- _To do_: Reproduce the material below only from the line with "Spiral dissection of Right Coronary Artery" to the line with "The Truth Behind", both included, keeping each line exact and dropping the pictures.

- _Extracted records_:
-- Opening Marker --
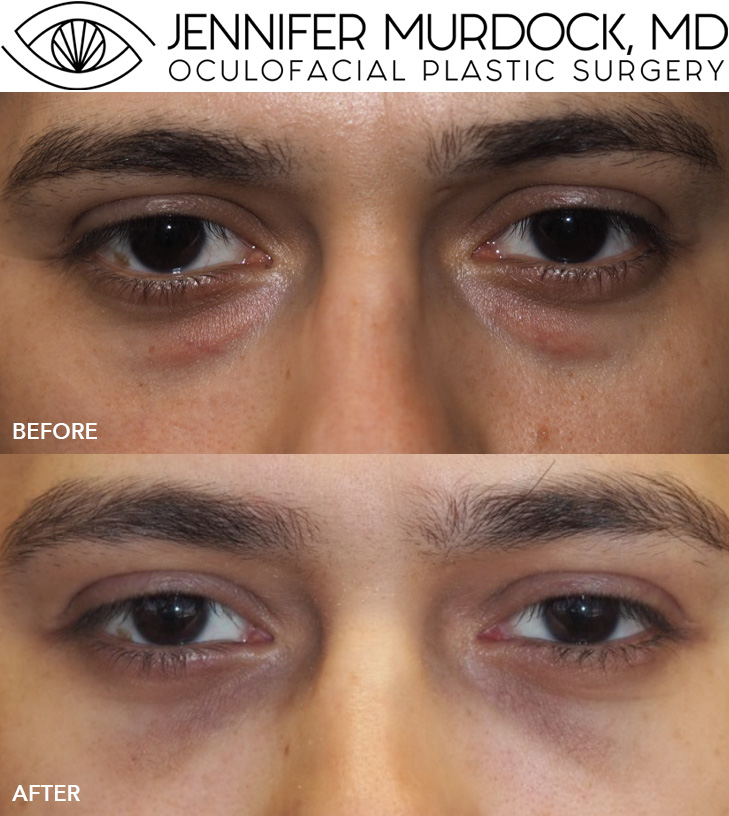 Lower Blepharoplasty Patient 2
-- Closing Marker --
-- Opening Marker --
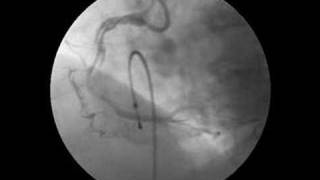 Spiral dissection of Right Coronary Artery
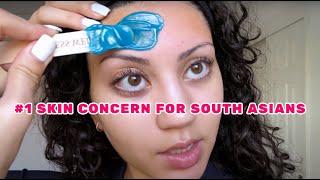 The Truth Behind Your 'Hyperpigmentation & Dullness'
-- Closing Marker --
- _Result_:
 Spiral dissection of Right Coronary Artery
 The Truth Behind Your 'Hyperpigmentation & Dullness'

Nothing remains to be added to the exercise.